Last week we talked about productivity levels - and the conundrum about unemployment and wage levels.

I suggested, as I have done several times lately, that we might need to reconsider how we measure productivity - since the measure used to compare nations uses labour productivity.

But the growth of robots and other automation devices has distorted this figure.  The cost of the robots is not part of labour cost - and their g=hours are not part of labour hours.

So, nations that have automated the most lose in the productivity figures.  This does not seem right.
This investment goes unrewarded and we are no longer comparing like with like.

But remember - these figures are bot 'real' - so invest away, regardless of whether you distort the national productivity figures and the national standing in international tables.  Your job is to boost real productivity - and if automation does that, good luck to you.

Saturday, 9 September 2017

Most of the old economic certainties have gone.

For many years, the 'rule' was the as unemployment levels dropped, wages would rise (to entice workers away from others to your organisation).  Since the great 2008 financial crisis, this has not proved true.  Unemployment has dropped to the point where the UK is close to full employment - but wages have not risen correspondingly (though they have risen).

This position is mirrored throughout the developed world.

The experts don't seem to know why this is so or whether this is a temporary phenomenon.

We seem to be in a position where all we can do is 'watch this space', 'wait and see'.

Of course, you might not be bothered about this - feeling low wages simply helps your business

But national wage levels are important - wages create money that circulares in the economy - and may buy your goods or services.

Saturday, 2 September 2017

The Power of Benchmarking

The UK government recently established the Productivity Leadership Group (PLG)  to try and boost the nation's productivity.

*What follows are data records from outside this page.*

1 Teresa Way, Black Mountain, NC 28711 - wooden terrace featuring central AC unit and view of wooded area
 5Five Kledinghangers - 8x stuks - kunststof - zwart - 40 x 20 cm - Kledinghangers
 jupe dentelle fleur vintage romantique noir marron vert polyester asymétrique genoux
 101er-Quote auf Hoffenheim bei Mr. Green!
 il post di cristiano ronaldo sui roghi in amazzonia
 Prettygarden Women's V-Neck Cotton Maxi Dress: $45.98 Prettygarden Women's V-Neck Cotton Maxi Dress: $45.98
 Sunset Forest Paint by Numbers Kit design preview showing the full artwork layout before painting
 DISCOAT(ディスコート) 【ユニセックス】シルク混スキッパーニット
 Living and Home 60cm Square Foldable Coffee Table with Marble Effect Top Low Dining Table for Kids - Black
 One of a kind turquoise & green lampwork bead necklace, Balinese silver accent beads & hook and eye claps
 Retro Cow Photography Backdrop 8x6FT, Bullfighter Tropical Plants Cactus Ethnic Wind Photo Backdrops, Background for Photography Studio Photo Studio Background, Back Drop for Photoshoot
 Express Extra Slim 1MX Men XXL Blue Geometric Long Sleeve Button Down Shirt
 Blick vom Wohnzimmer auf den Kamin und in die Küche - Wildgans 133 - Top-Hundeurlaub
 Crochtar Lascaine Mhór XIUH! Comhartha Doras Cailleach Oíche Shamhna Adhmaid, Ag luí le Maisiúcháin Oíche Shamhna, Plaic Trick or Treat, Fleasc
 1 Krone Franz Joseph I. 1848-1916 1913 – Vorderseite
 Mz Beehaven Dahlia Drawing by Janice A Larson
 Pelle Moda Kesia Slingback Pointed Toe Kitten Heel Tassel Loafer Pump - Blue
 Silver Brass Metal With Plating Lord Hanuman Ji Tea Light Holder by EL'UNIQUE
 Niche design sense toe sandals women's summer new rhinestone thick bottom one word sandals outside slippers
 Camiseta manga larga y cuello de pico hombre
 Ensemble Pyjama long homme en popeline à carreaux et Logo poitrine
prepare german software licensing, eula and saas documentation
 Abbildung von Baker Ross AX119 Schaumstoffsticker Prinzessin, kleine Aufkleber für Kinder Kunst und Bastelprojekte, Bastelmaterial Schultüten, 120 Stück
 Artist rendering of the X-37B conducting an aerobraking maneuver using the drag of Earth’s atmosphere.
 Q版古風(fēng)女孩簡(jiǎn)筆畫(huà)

The PLG says that if all except our most competitive businesses were able to improve their productivity to match the companies ranked 10 per cent above them, an additional £130bn Gross Value Added (GVA) would be unlocked every year – certainly a boost to business confidence and national productivity.

The power of benchmarking of this kind is that when organisations see that others (and especially others in the same sector) are already achieving such results, it shows the 'art of the possible'. "If they can do it, we can too."

This is why we always suggest that governments should carry out sector benchmarking - and show organisations what is achievable - preferably against a number of productivity variables.... so that any one organisation might find its performs well against some of these variables but poorly against others.  If it could raise performance to be among the top performers against all variables, it gains a significant productivity increase.

If the government is not doing it, you have to find ways of doing it for yourself.  There are a number of employer organisations and benchmarking 'clubs' that will help you share data with your peers to create sector benchmarks.